Há mais depoimentos, que falam de um sistema que envolve muita gente. A maratonista Lilia Schobuchova, também atualmente suspensa, diz que pagou no total 450 mil euros a um treinador com responsabilidades na Federação russa para esconder «valores anormais» nas suas amostras sanguíneas entre 2009 e 2011.
Perante estes dados, a Agência Mundial Antidopagem (AMA) e a Federação Internacional de Atletismo (FIAA) apressaram-se a garantir que já estavam a decorrer investigações. O comunicado da AMA foi emitido mesmo antes da emissão do documentário.

«A AMA já recebeu informação e provas do tipo das que são expostas no documentário. Toda essa informação foi passada ao órgão independente competente da Federação internacional, a FIAA», diz o comunicado da agência mundial.
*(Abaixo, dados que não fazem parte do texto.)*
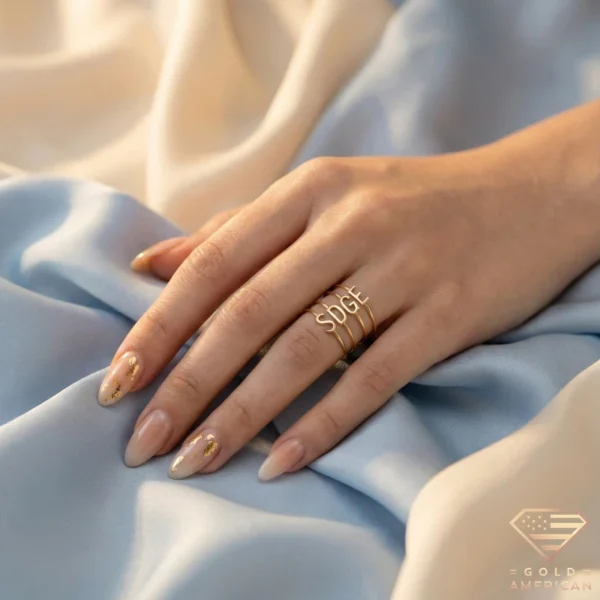 Gold Ring with Initials on Hand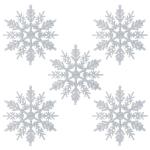 24 x sneeuwvlokken kerstdecoratie voor kerstboom glitter kerstboomversiering, zilver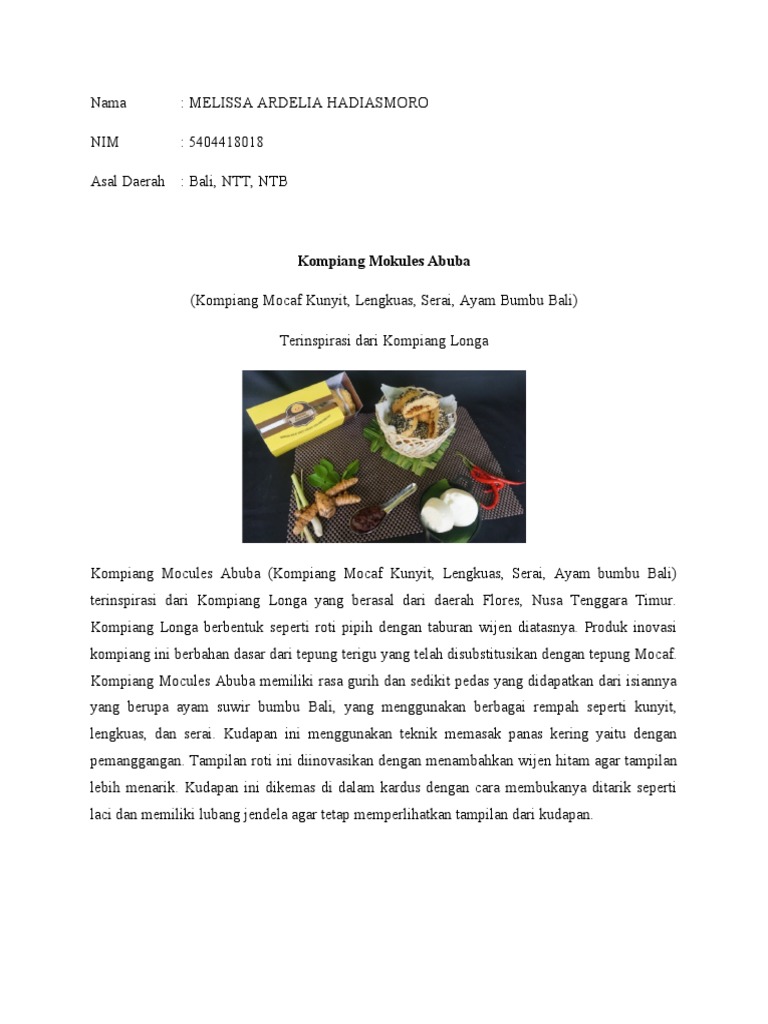 Kompiang Mokules Abuba: Roti Isi Ayam Bumbu Bali | PDF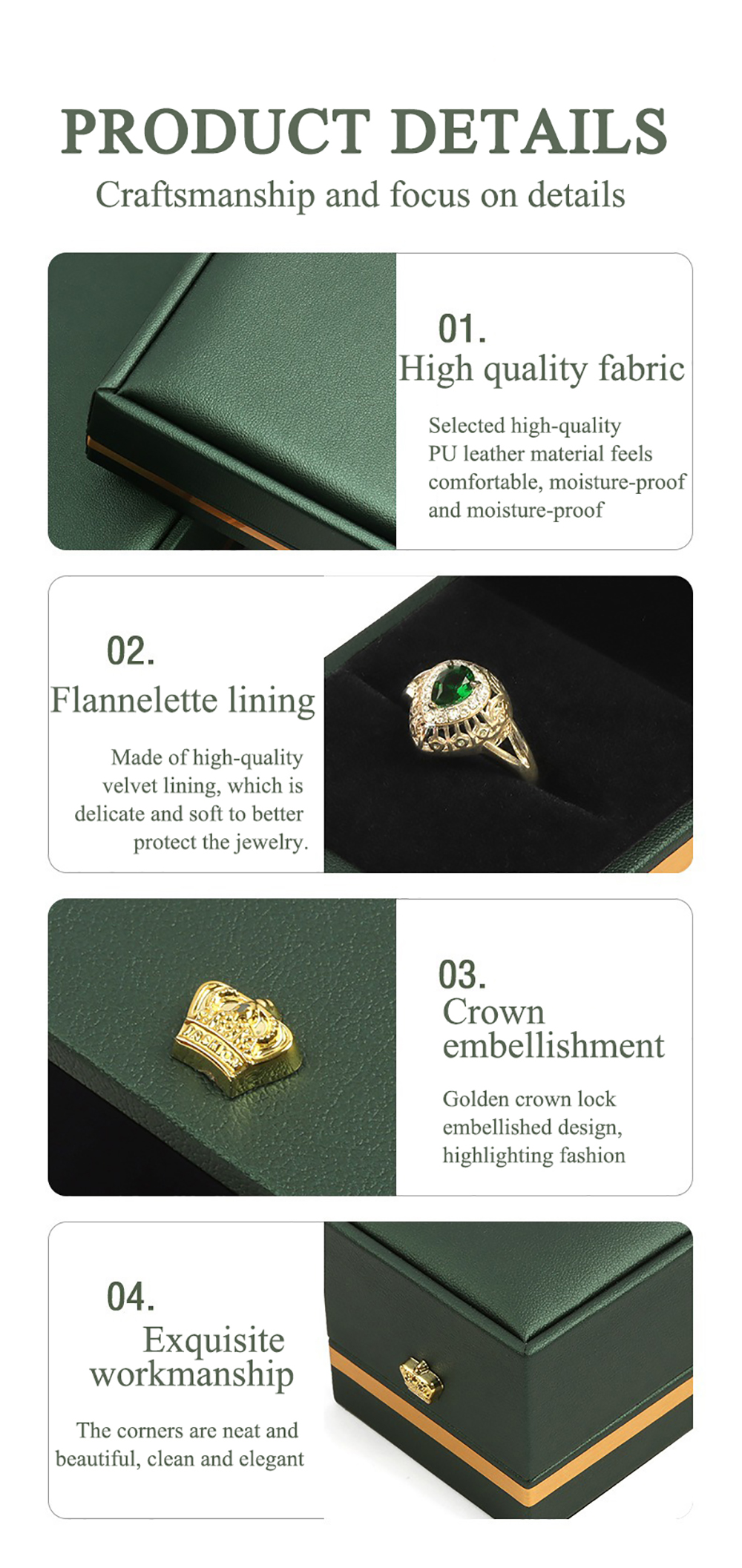 Custom Logo PU Leather Storage Box 6 Colors Ring Packaging Box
Quanto ao organismo que tutela o atletismo, reagiu no dia seguinte, mais ou menos nos mesmos termos: «A IAAF registou uma série de alegações graves sobre doping relacionadas com o atletismo na Rússia, que foram transmitidas pelo canal alemão ZDF/ARD. Já está a decorrer uma investigação da Comissão de Ética da IAAF, com respeito a algumas das alegações feitas no documentário.» O presidente do Comité Olímpico Internacional (COI), Thomas Bach, disse aguardar pelas investigações e garantiu que terá «tolerância zero» caso se provem as acusações.

Quanto à Rússia, enquanto o organismo antidopagem anunciou que iria lançar a sua própria investigação, a Federação de atletismo reagiu ameaçando com ação legal e dizendo que as vozes de denúncia no documentário não são credíveis. «Vemos este filme como uma tentativa planeada de criar um escândalo em torno do atletismo e do desporto russo em geral», afirmou Valentin Balakhnichev, presidente da Federação russa de atletismo e também ele questionado no documentário, onde se recusa a prestar esclarecimentos. «Tem declarações de cinco pessoas que não são credíveis. Todos eles foram expostos por doping e têm razões pessoais para hostilizarem os nossos atletas, treinadores e a agência antidopagem russa.»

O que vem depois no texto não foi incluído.